Angola: Kwanza dives to all-time low as Central Bank floats the currency
November 8, 2019
The kwanza slumped to an all-time low against the U.S. dollar at the end of October after the National Bank of Angola (BNA) fully liberalized the foreign exchange regime. In mid-October, the Bank abandoned the trading band that was in place since January 2018, thus allowing the currency to trade freely; its previous policy of controlled exchange rate adjustment prevented the kwanza from depreciating by more than 2.0% at currency auctions. On 8 November, the kwanza ended the day at 462.5 per USD, marking a 18.1% depreciation over the same day in October. Furthermore, the currency was down 33.5% on a year-to-date basis and 33.0% in year-on-year terms.

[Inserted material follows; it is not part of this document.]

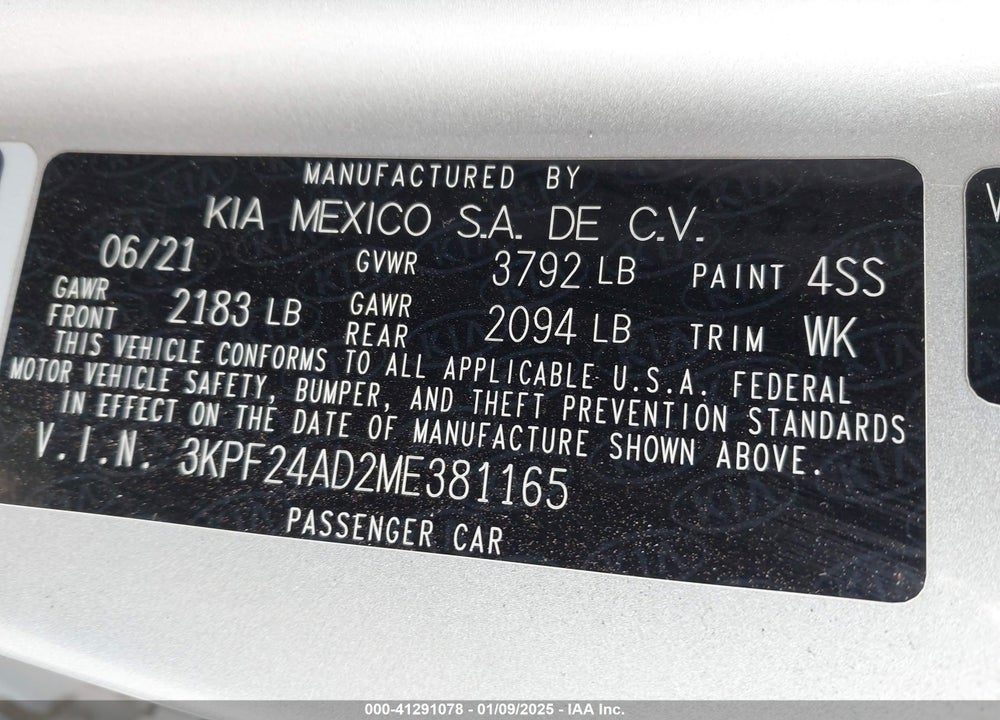 2021 KIA FORTE VIN: 3KPF24AD2ME381165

The Monetary Policy Committee (MPC) of the National Bank of Angola officially confirmed the foreign exchange market overhaul at its extraordinary meeting on 23 October. The adoption of a floating exchange rate regime should help close the gap between the official and black-market rates. The gap has widened significantly due to the increasing shortage of U.S. dollars in the Angolan market amid shrinking foreign currency reserves and sliding oil revenues, which have been adversely impacted by falling crude oil production and faltering global crude prices.
Along with the announcement of the foreign exchange market overall, the Bank announced additional monetary and exchange rate policy measures. The MPC kept the key policy rate stable at 15.50% and maintained the interest rate for the permanent liquidity-absorption facility at 0.00%. However, in a bid to keep inflation under control and stabilize the currency, the Bank increased the coefficient of mandatory reserves in local currency from 17.00% to 22.00%. Furthermore, the BNA abolished maximum annual limits for advance payments and remittances in foreign currency, as well as loosening up limitations on private foreign exchange operations.

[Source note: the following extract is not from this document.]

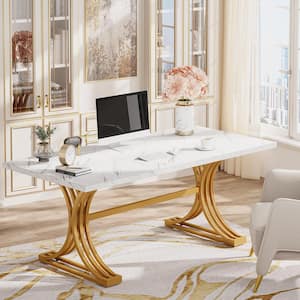 Moronia 63 in. Rectangular White and Gold Wood Computer Desk with Solid Metal Legs for Work Study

In the months ahead, the kwanza is likely to lose further ground before broadly stabilizing next year. Meanwhile, the Central Bank will likely hold off cutting rates until risks to inflation subside, despite the marked pressure to jump-start the economy via looser monetary policy. The NBA’s commitment to prudent monetary policy, which is reinforced by the country’s financing deal with the IMF, leaves the Bank with little space to maneuver if inflationary pressures fail to retreat.